> [Work item] Every line from the one with "NEW YORK - MARCH" to the one with "a close up of", including those two, is to be copied exactly; all other lines of the entries below are left out.

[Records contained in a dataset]

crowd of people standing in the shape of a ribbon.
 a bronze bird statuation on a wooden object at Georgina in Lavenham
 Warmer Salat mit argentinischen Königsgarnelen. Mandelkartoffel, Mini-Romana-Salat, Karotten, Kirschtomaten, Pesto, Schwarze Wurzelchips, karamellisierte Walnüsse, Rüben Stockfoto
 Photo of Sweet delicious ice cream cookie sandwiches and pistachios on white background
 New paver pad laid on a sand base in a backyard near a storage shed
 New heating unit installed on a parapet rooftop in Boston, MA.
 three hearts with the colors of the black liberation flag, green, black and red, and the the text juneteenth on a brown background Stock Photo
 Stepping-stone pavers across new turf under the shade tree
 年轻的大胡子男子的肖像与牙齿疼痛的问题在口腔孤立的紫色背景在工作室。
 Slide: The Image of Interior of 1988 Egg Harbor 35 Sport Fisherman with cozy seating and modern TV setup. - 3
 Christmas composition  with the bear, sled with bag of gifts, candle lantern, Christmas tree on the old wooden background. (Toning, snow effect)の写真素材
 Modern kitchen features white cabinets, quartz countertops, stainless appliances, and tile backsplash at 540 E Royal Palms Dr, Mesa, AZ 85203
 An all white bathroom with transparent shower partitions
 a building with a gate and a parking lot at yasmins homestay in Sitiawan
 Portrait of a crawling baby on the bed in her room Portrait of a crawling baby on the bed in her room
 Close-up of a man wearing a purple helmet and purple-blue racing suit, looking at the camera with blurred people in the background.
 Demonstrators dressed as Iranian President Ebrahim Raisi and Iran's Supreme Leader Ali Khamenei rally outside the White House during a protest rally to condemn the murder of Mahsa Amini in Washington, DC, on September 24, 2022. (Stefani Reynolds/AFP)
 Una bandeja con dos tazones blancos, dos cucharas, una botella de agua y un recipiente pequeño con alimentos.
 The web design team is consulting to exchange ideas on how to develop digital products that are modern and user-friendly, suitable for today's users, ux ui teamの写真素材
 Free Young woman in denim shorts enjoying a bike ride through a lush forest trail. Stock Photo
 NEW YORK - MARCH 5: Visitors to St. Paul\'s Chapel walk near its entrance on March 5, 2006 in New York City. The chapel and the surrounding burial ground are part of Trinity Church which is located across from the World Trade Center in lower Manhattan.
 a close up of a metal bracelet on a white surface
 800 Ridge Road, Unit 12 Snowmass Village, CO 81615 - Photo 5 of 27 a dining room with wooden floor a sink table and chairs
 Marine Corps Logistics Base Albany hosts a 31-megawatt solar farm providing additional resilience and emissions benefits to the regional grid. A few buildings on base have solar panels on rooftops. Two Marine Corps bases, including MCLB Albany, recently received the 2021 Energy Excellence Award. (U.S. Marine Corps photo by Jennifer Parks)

> [Solution to the exercise]
 NEW YORK - MARCH 5: Visitors to St. Paul\'s Chapel walk near its entrance on March 5, 2006 in New York City. The chapel and the surrounding burial ground are part of Trinity Church which is located across from the World Trade Center in lower Manhattan.
 a close up of a metal bracelet on a white surface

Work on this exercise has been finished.